Clarke, who could not be reached for comment Thursday, also hit some rough patches while at BLM.

Clarke was investigated by the Office of the Inspector General (OIG) in 2003 for failing to recuse herself from discussing Utah-related issues, which she had agreed to do upon taking the BLM director's post to avoid conflicts of interest. Included were briefings on what became a scandal-plagued, and ultimately unsuccessful exchange of federal and state land in the San Rafael Swell. But Clarke was cleared of wrongdoing two years later.

Another ethics complaint was brought against Clarke last year over her alleged involvement in a dispute over grazing rights in the Grand Staircase-Escalante National Monument. But no findings have ever been released.

Clarke's old boss, former Rep. Jim Hansen, says such incidents owed more to political infighting than actual misdeeds. He calls Clarke a gutsy administrator who wasn't afraid of making enemies, and probably paid a price for it.

"Yes, she had some turbulent times, but so be it," said Hansen, who hired Clarke in 1987, the start of what became a seven-year stint in his office. "Nobody gets out of Washington without running into that. That's part of the deal."

Clarke also worked as an aide to the late Sen. Wallace F. Bennett.

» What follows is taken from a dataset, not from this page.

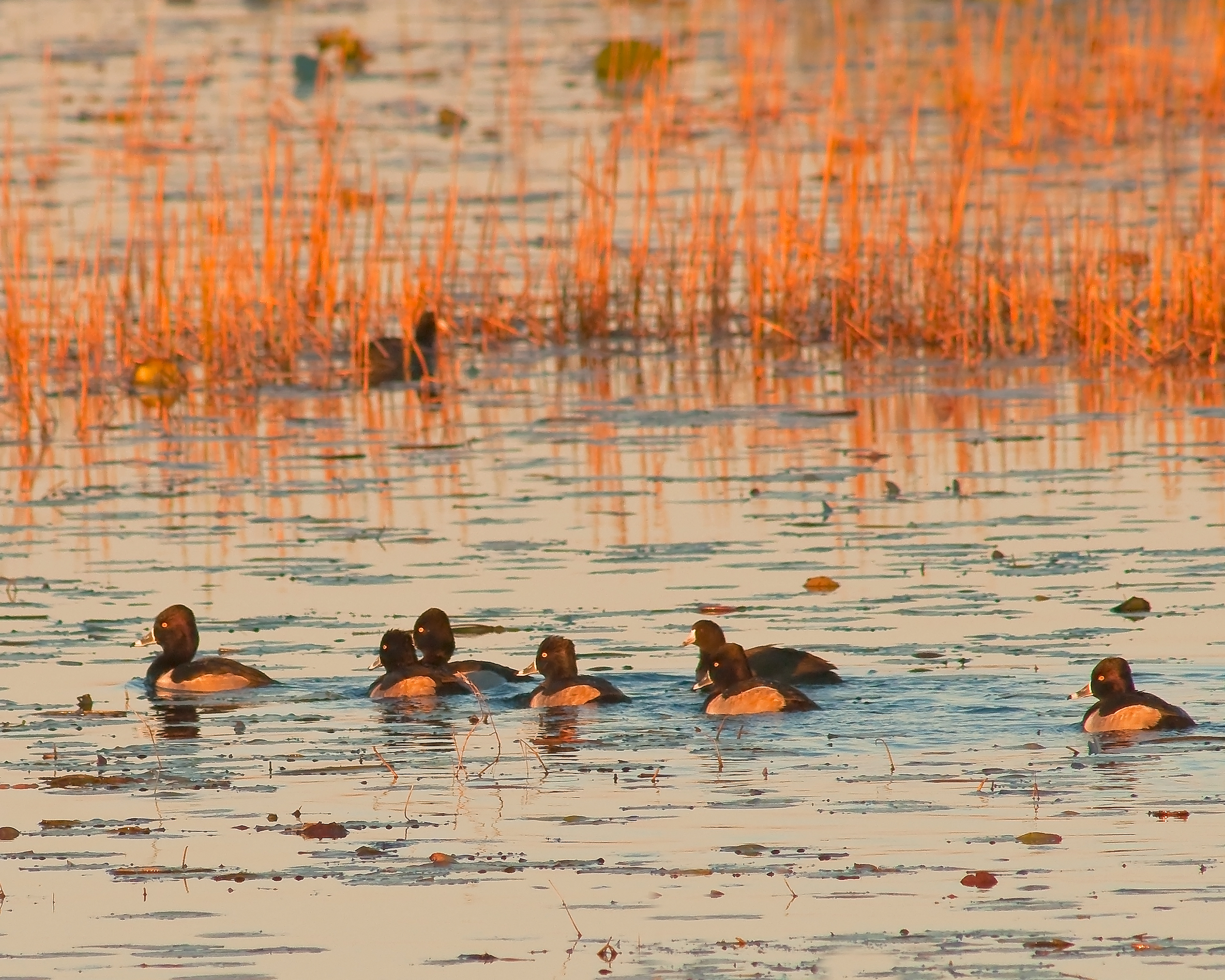 Ring-necked Duck Group - Lacassine National Wildlife Refuge, Louisiana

She replaced Ted Stewart as the state's Department of Natural Resources director in 1998.

Former BLM Director Patrick Shea, also a Utah resident, says Clarke was a capable manager, but an outsider who lacked vital backing above and below her in the agency and Interior Department.

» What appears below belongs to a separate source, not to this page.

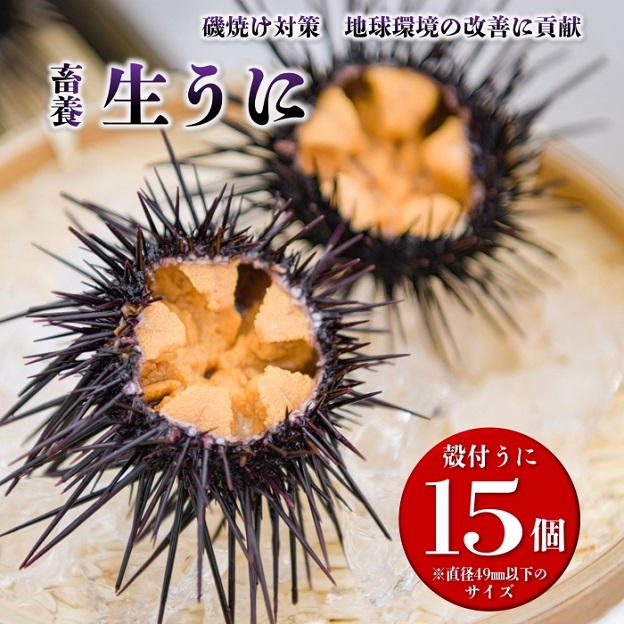 訳あり小サイズ】長門市産「長州の磯守」殻付きウニ 15個入 保存料不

"Kathleen's record at the Department of Natural Resources proved she could do a great job with support from Governor [Mike] Leavitt, but she didn't really get that with [former Interior Secretary] Gale Norton," said Shea, now a Salt Lake City attorney. "And, she had a Karl Rove in the White House who told the land managers what to say and when not to answer questions.

"I think she was in an untenable position from the very start."

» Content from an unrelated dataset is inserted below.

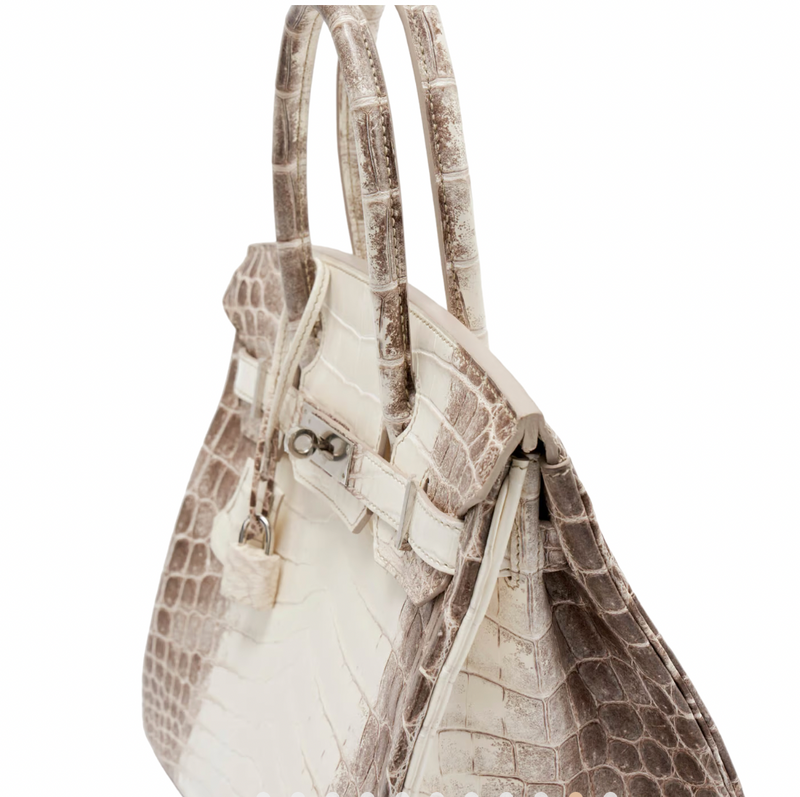30 cm Crocodile Niloticus Matte Himalaya Birkin Palladium Hardware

Rumors of Clarke's departure had been circulating around the BLM for weeks. It is unclear how much of the decision to leave was hers - or if it was a case of Kempthorne looking to put his own stamp on the agency.

Hansen believes it is the former that drove the decision.

"Her kids are here. Her grandkids are here. I think she just wanted to come home," he said.

Stevens, the state's public lands policy director, says he is worried about Kempthorne's ability to find an adequate replacement for Clarke, with time running out on the Bush administration's calendar.

''Who are you going to find who's willing to go into a job where it's very possibly only going to be a two-year thing?'' he asked.

But conservation groups, who cheered Clarke's departure, hope the change signals a political shift by the Bush administration on the environment.

"This is an opportunity for the administration to move back toward the center and appoint someone who will take a longer-term view toward the management of our public lands," said Liz Thomas, an attorney with the Southern Utah Wilderness Alliance.

A possible replacement for Clarke might be BLM Deputy Director Jim Hughes.

Hughes has been Clarke's deputy since 2002 and is respected among Republicans and Democrats. He also worked for the New Mexico congressional delegation, which could help win the approval of Senate Energy and Natural Resources Committee Chairman Jeff Bingaman.


* Reporter ROBERT GEHRKE contributed to this story.

Clarke's stormy tenure

Highlights of Kathleen Clarke's tenure as head of the Bureau of Land Management

* Clarke became the first female director of the BLM on Jan. 2, 2002.

* She was investigated for undue influence over appraisals as part of a failed federal- state land exchange involving the San Rafael Swell. She was cleared of any wrongdoing.

* Clarke presided over a huge increase in oil and gas exploration and drilling permits on federal lands in the West.